• _DATA FOR REVIEW_:
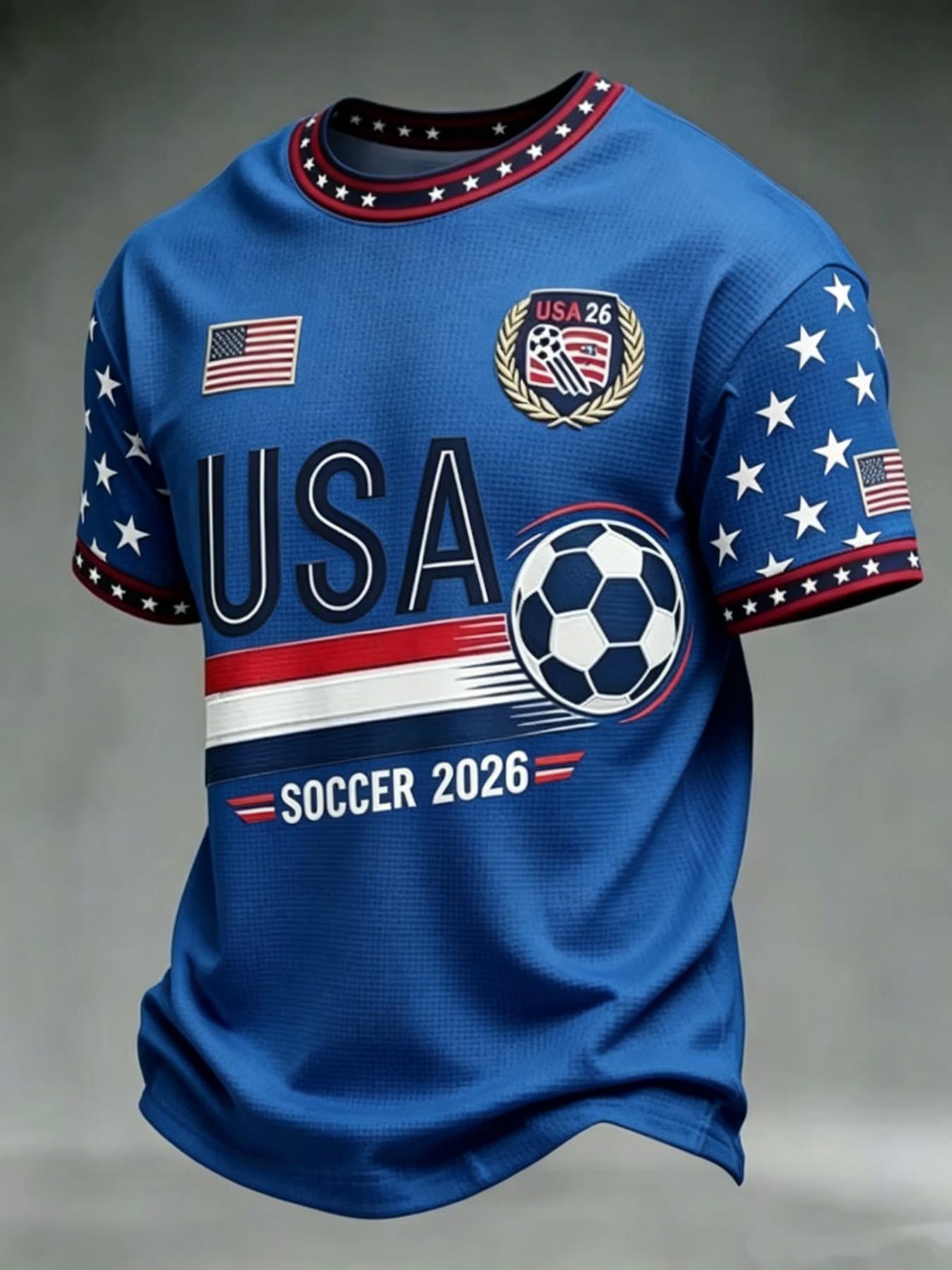 Men's Summer Breathable Short Sleeve Round Neck T-Shirt, High-Quality 3D Print, Independence Day Party T-Shirt, All Seasons Casual Wear, Tops Men's Summer Breathable Short Sleeve Round Neck T-Shirt, High-Quality 3D Print, Independence Day Party T-Shirt, All Seasons Casual Wear, Tops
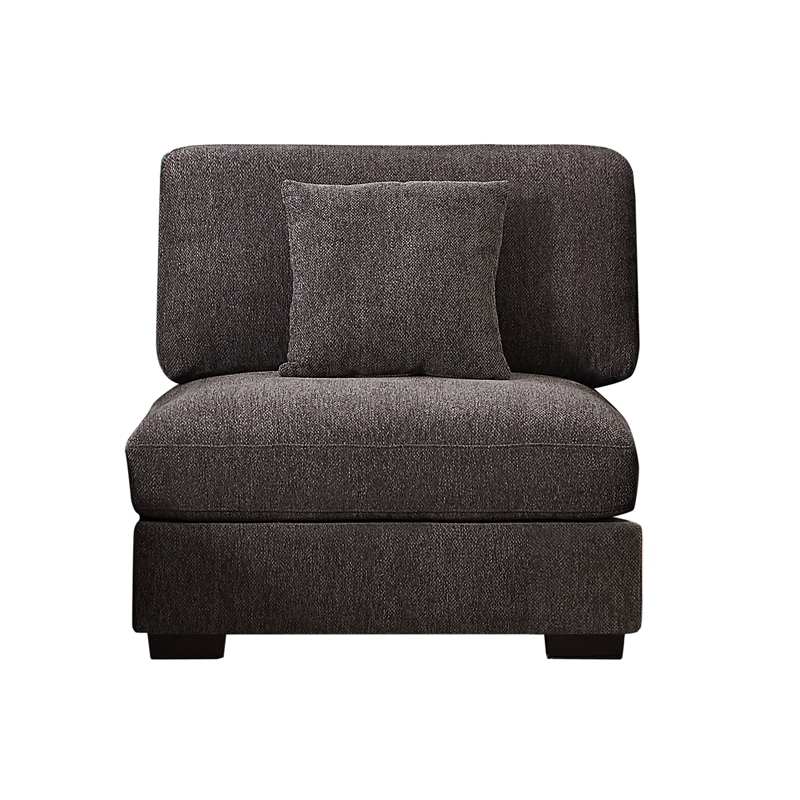 Pemberly Row Chenille Modular Loveseat with Ottoman Chaise in Dark Gray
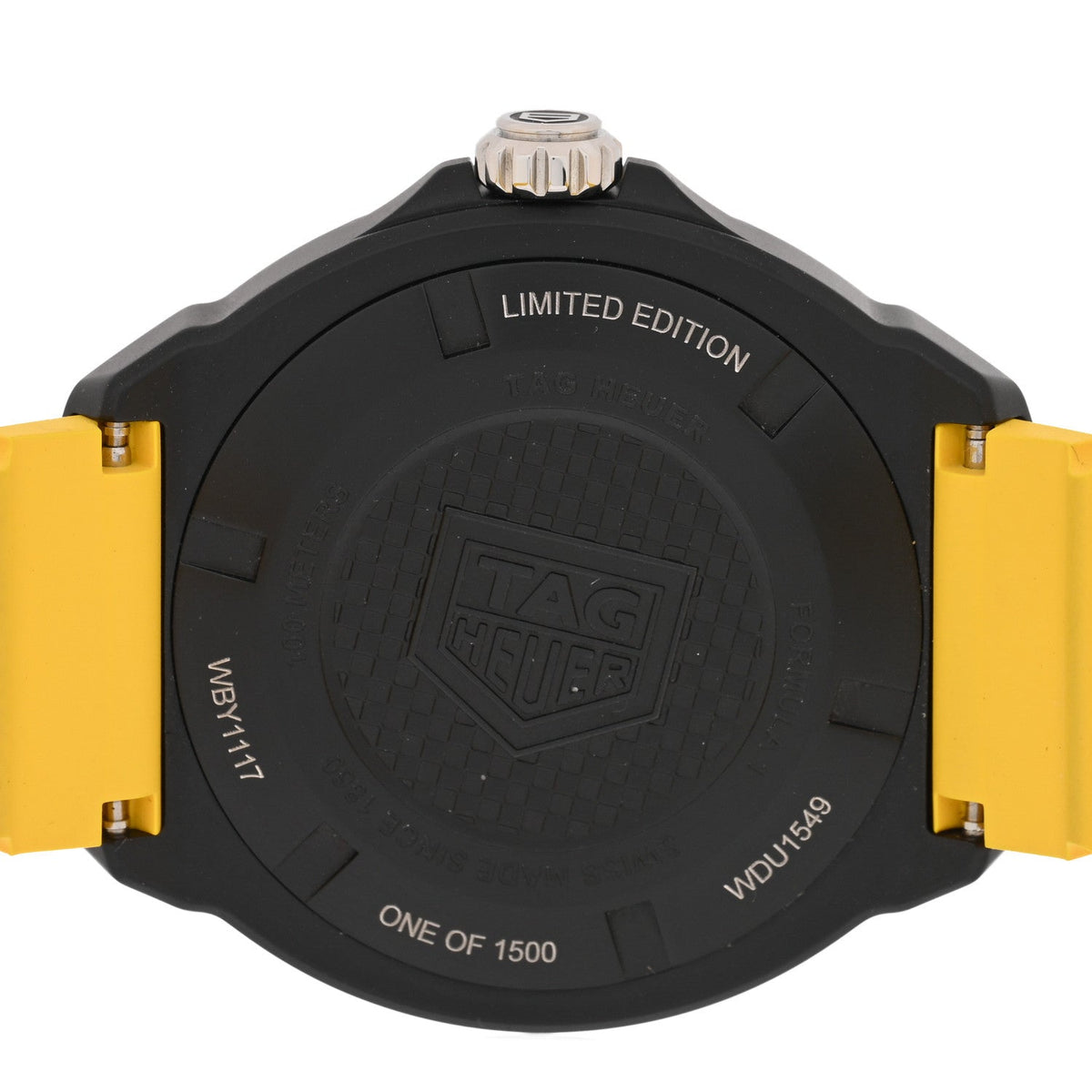 Tag Heuer DLC Stainless Steel Rubber 38mm Formula 1 Watch Black WBY1117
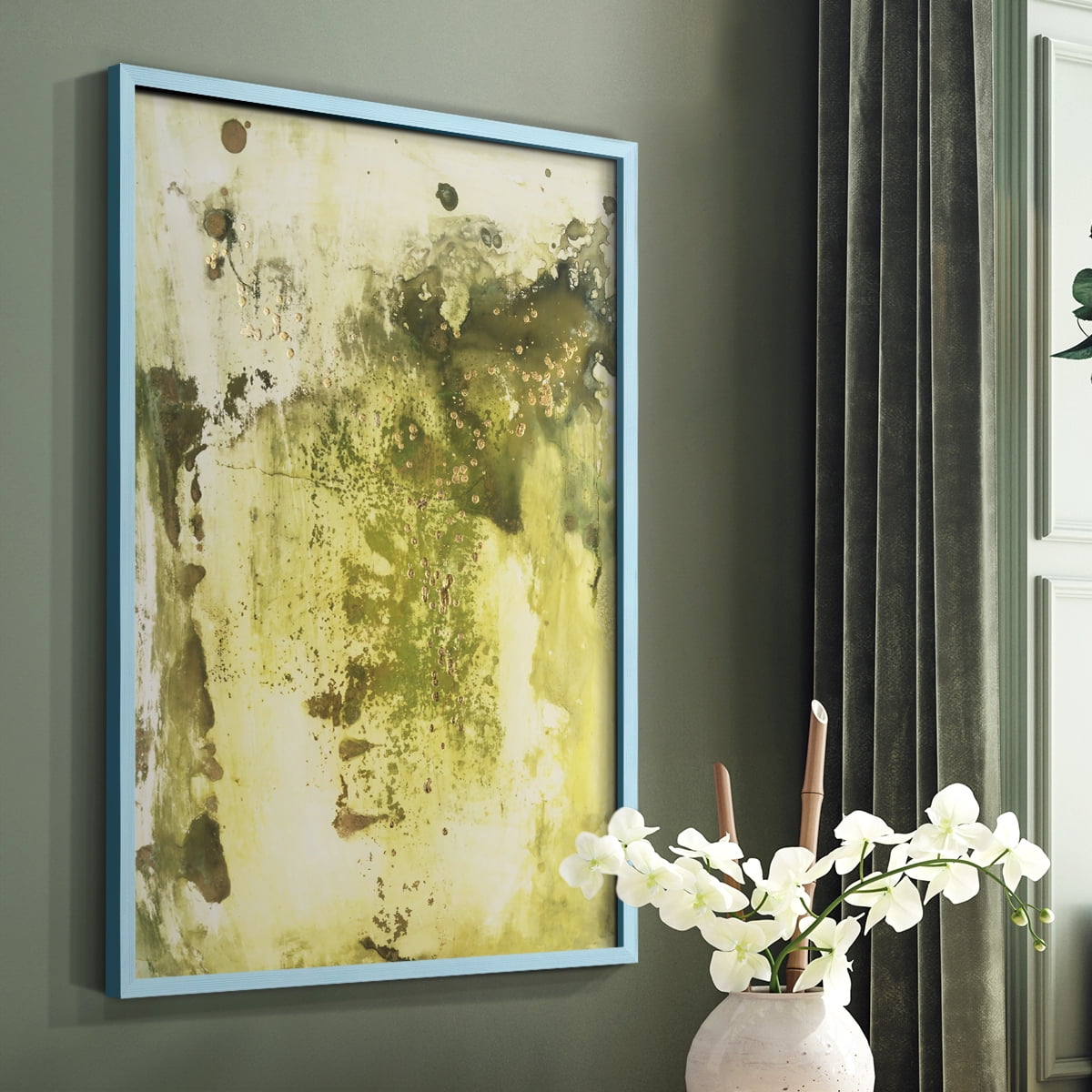 Canyon Diptych I Framed Print in Blue Solid Wood Framed Print No Nail Hanging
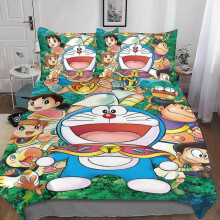 Cute Anime Bedding Sets 3D Comforter Cover for Kids Decor Quilt Cover 3 Piece Set with Zipper Closure Soft Microfiber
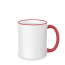 Kaffeetasse aus Keramik mit farbiggen Trinkrand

• _WHAT TO DO_: Retype nothing except the lines from the first line of the listing above through the line with "Canyon Diptych I", exactly as they stand, and no pictures.

• _FINISHED TASK_:
 Men's Summer Breathable Short Sleeve Round Neck T-Shirt, High-Quality 3D Print, Independence Day Party T-Shirt, All Seasons Casual Wear, Tops Men's Summer Breathable Short Sleeve Round Neck T-Shirt, High-Quality 3D Print, Independence Day Party T-Shirt, All Seasons Casual Wear, Tops
 Pemberly Row Chenille Modular Loveseat with Ottoman Chaise in Dark Gray
 Tag Heuer DLC Stainless Steel Rubber 38mm Formula 1 Watch Black WBY1117
 Canyon Diptych I Framed Print in Blue Solid Wood Framed Print No Nail Hanging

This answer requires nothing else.